22時のLINEで、社長交代の話は進んだ

遠山:あれは10月のことで、たしか夜22時くらいかな。野崎からLINEで「もう決めました。社長になります」みたいなLINEがピコンと来たんだよね。もうずいぶん前から、実質的に野崎体制だったから、会社の皆にとっては驚くことではないと思うが。夏くらいから北軽井沢でスマイルズ副社長の松尾(スープストックトーキョー社長)、取締役の野崎とはそういった話はしていたんだよね。そこからすこし時間があいて、あの夜のLINEがあった。

野崎:僕が遠山さんにLINEを送る時は、たいてい酔っぱらっている時です(苦笑)。
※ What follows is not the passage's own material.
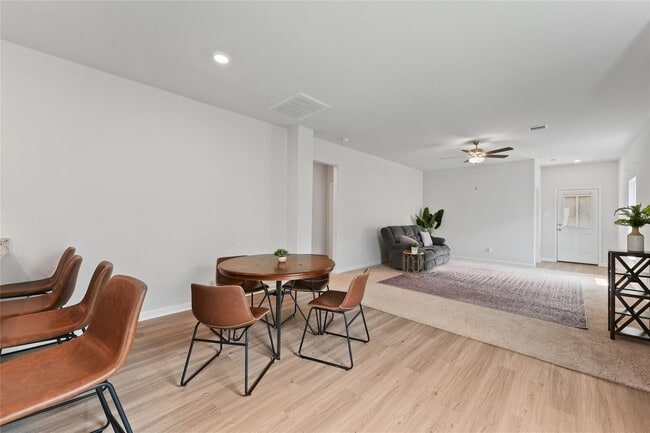 Building Photo - 11411 Bright Sun Dr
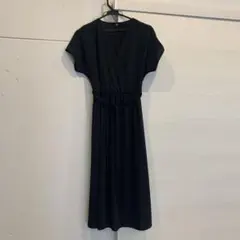新品未使用　ユニクロ　クレープジャージーカシュクールワンピース　Ｓ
スマイルズは、社内政治とかがないし、やるかやらないかで議論しなくてもいい。お客様に向けて、まっすぐ向き合えるのが最高じゃないですか。そんな奇跡みたいな会社はそうないです。僕は「社長になりたい」っていう思考がもともとあるタイプの人間じゃないけれど、その最高な会社でさらにもう一歩進みたいと思ったんです。その日は、クリエイティブチームの皆と熱く語った日で、帰り道に「僕たちはもう、次に進もう!」って思ったんですよね。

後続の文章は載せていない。